There are no special skills or experiences needed to become a Full Circle volunteer. All we ask is that our older volunteers
- Are over the age of fifty
- Enjoy being with children or young people
- Can volunteer for one hour a week, during school term times
People decide to volunteer with Full Circle for many reasons. It is a very rewarding experience and an ideal way to
- Have fun
- Make a difference to the lives of younger people
- Meet new people and make new friends
- Gain new experiences and share skills
They teach the children games they’ve never played and they teach them games they’ve never heard of!
Each week, a small group of older volunteers come together to spend a lunch time session in school with younger people. Together they share lunch and chat about their week, they then take part in a range of extra-curricular activities – art, board games and cookery.
Each group is run by a facilitator, who organises the activities and ensures that the group runs smoothly. But it’s all about fun and friendship at the sessions and by spending time together, older volunteers are able to pass on their skills and life experiences.
Children and young people benefit from the care and attention of new friends. By getting to know each other, each group builds up mutual understanding and respect.
Dorothy, a volunteer at Faringdon Infants’ School, explains:
“We usually arrive about 10 minutes before the group starts, as we like to help set up the tables and have a bit of a chinwag. When the children arrive, Katie (the facilitator) explains what we’re going to do. The children have their lunch with us and it’s nice for us to catch up with what they’ve been doing. We normally do some sort of art or craft activity but you don’t need to be good at that sort of thing – we all muck in. We try to encourage the children to do things for themselves but sometimes they need a bit of help.

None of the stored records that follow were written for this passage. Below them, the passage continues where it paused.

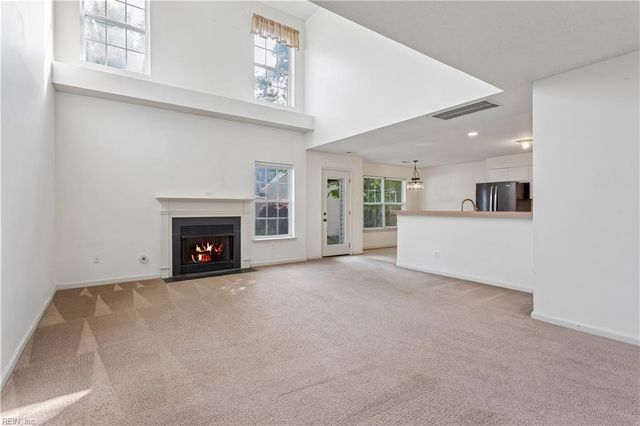 23179 Spring Crest DR, Carrollton, VA 23314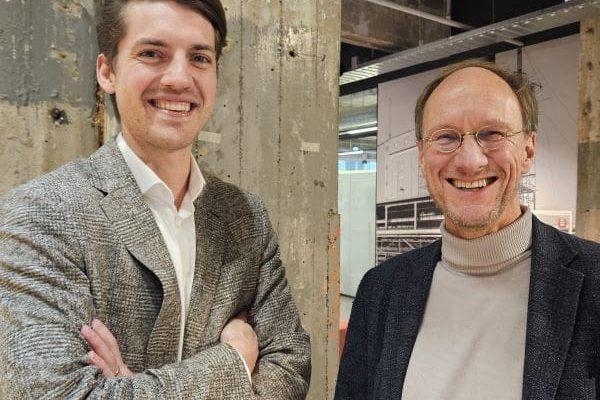 Foto-EJ-en-Frank (1)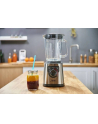 Blender stojący Tefal BL811D ( 1200W ; srebrny ) - nr 19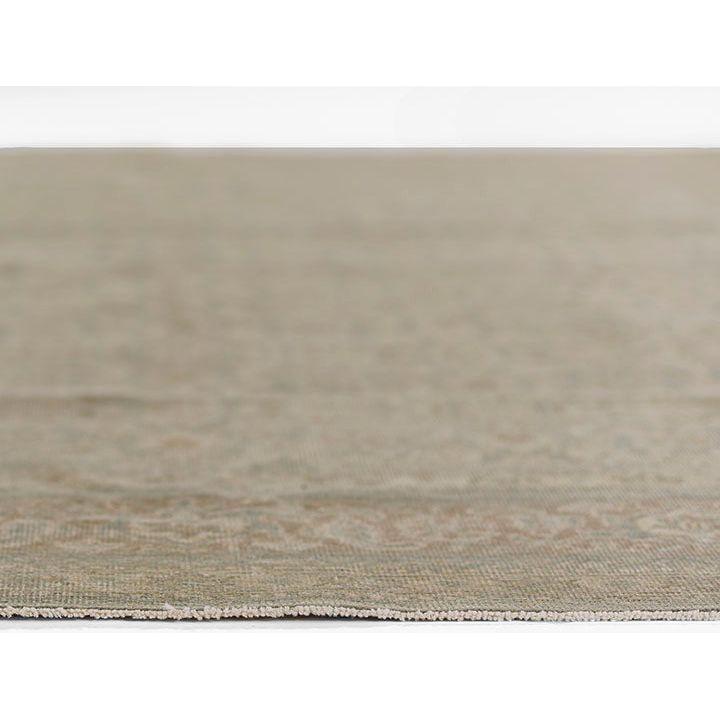 Menorca Blue Rug Pure Salt - Light House Co.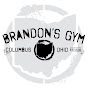 Brandon's Gym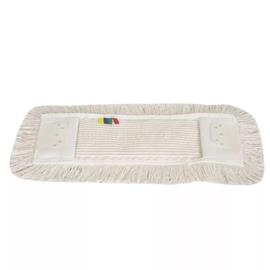 ALPHA Mophuzat zsebes-füles (műanyag) 40 cm pamut_CME40FP3 ALPHA_57044 small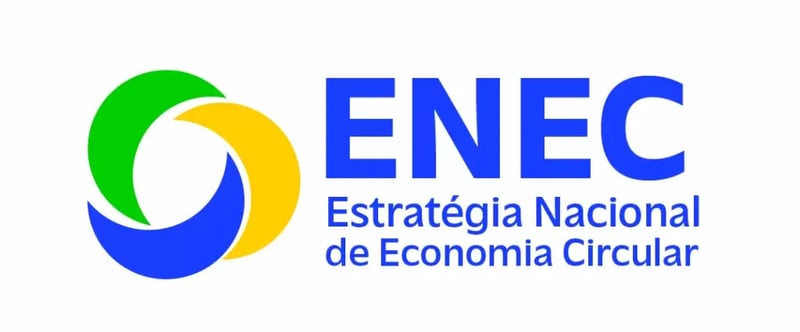 Brasil aprova Plano Nacional de Economia Circular, Evento UGREEN Rio, O Paradoxo da "Taxa do Sol"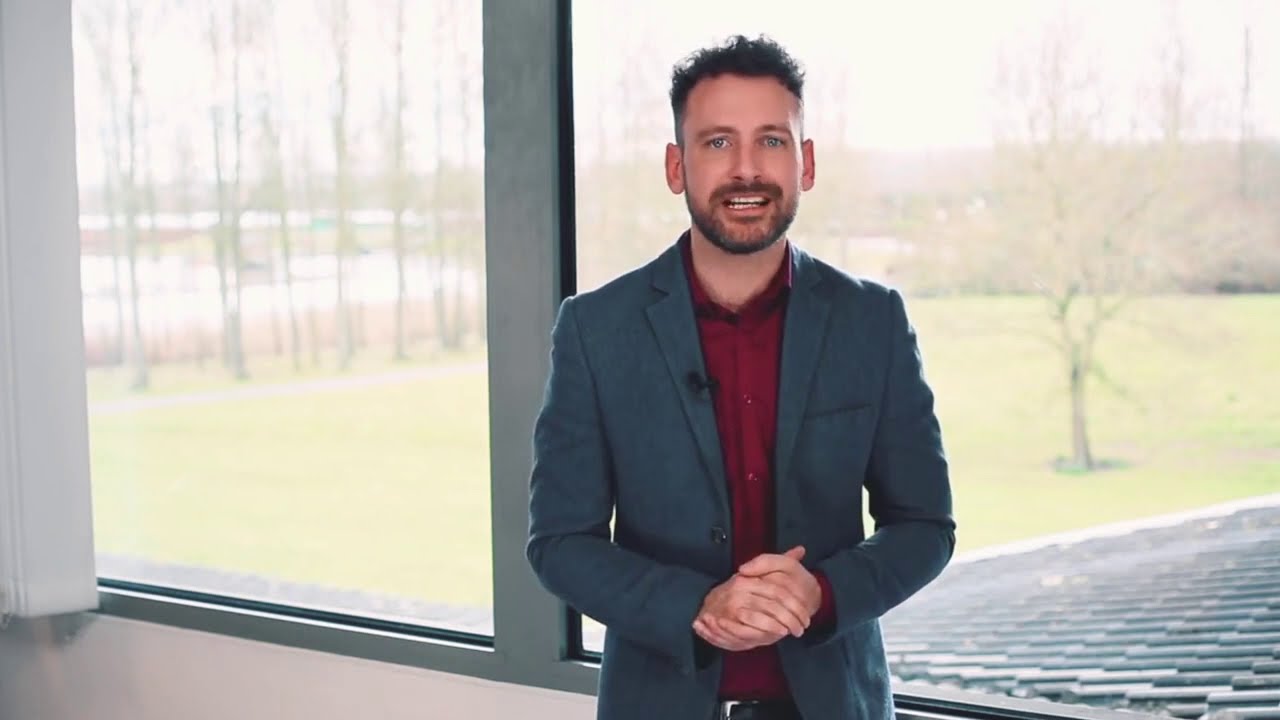 Atos Unify OpenScape Voice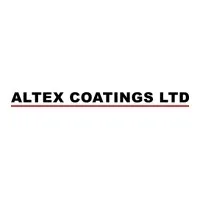 Altex Coatings Ltd Altex Coatings Ltd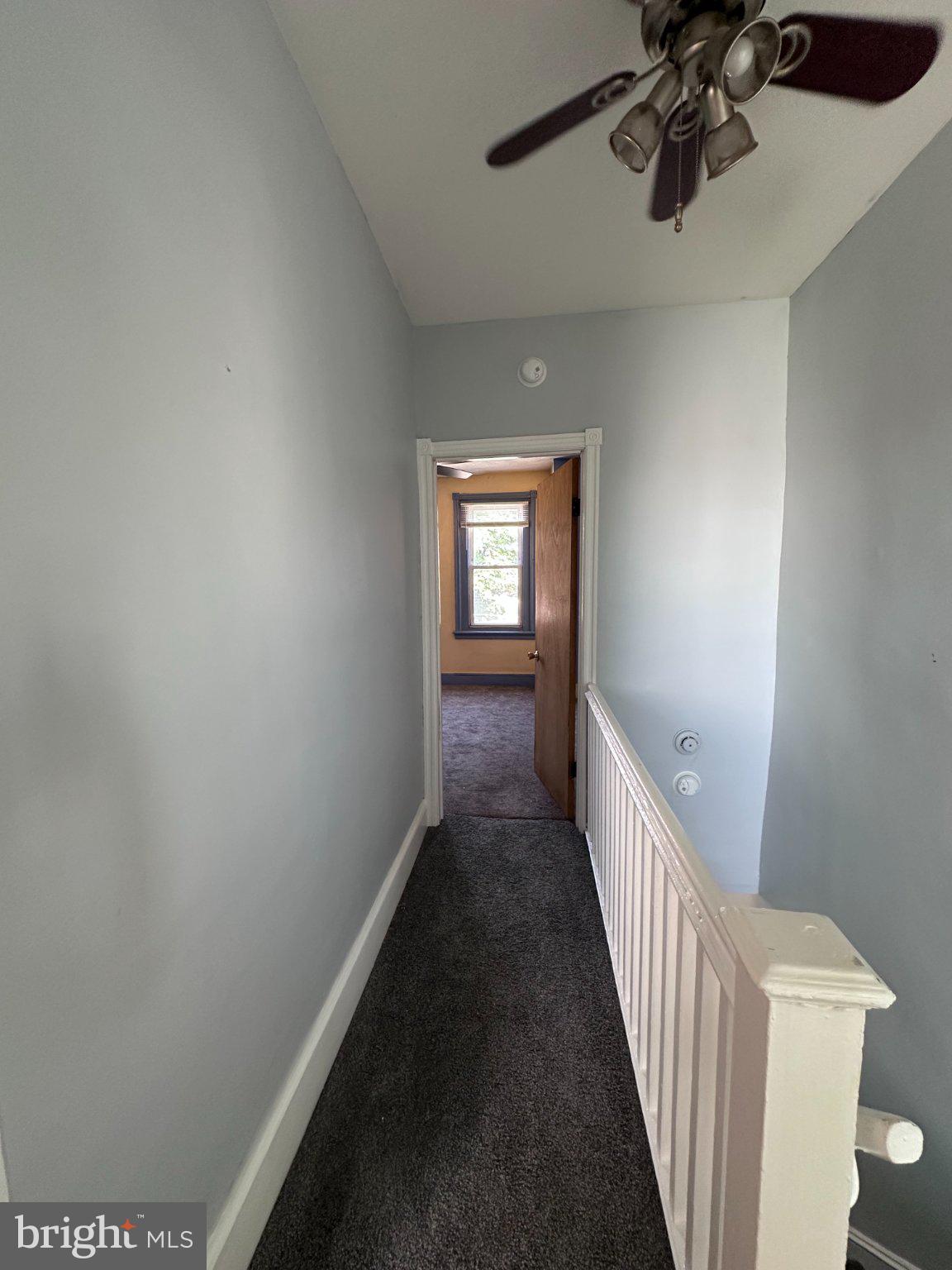 PORT RICHMOND - Residential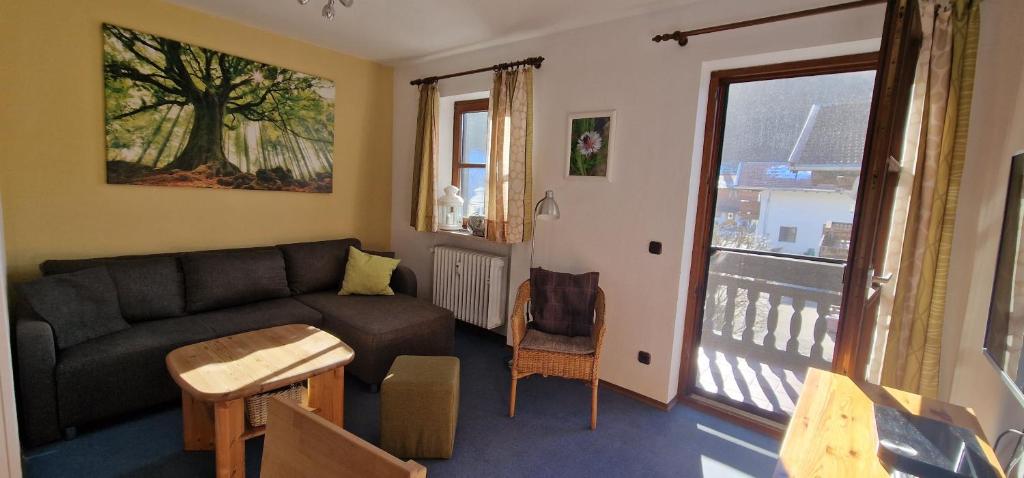 ciao-aschau Gschwendtnerhof GHof Ap12 Göbel Hintergschwendt 8, 83229 Aschau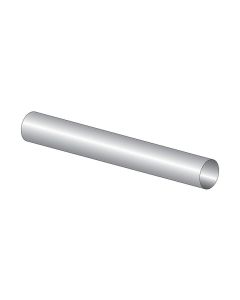 XUSZTR30 image 1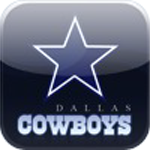 Cowboys 09: Stay In Touch With Your Favorite Team Around The Clock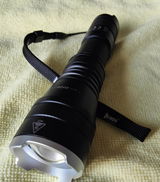 Francois review photo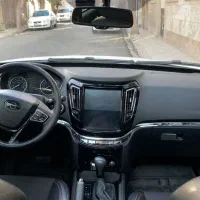 هایماs7 پلاس مدل1400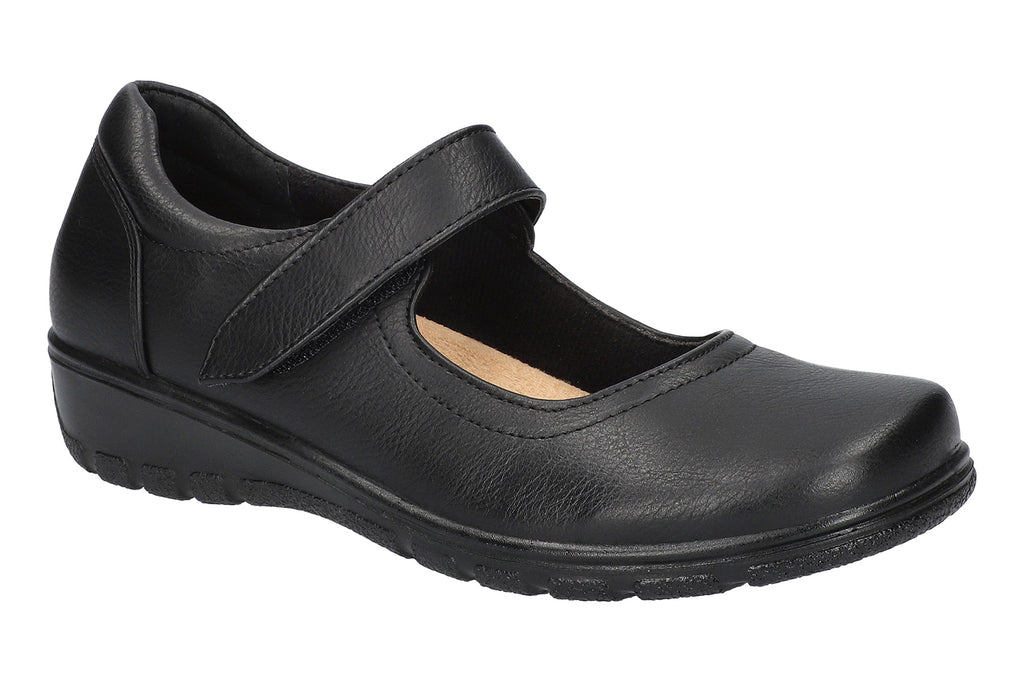 Easy Street Archer FootSmart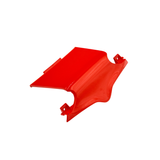 Achterkap Achterlicht Rosso Dragon Gilera Runner Origineel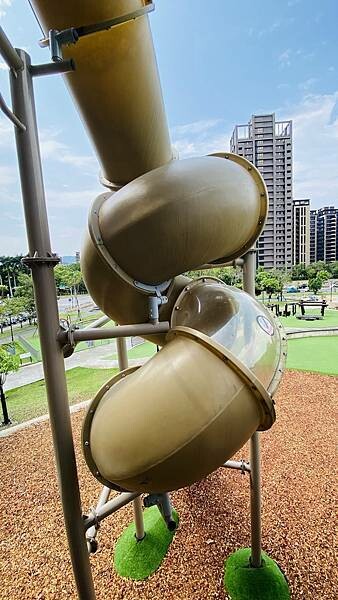 IMG_1106.jpg IMG_1106.jpg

I think it’s a lovely time for us volunteers as well as the children because there’s lots of laughter and fun. It’s good to see all the relationships developing and I enjoy the company of the other volunteers. The children really do progress during their time with Full Circle. I can think of one boy, in particular, who was very shy and quiet when he first came but you could see him blooming week by week.
During the school holidays, we all really miss Full Circle but it’s lovely when you see the children in the shops and they always say hello and often come and give you a big cuddle. Even children who don’t come to Full Circle anymore always want to chat with you. It makes you realise that you’ve made a real difference.”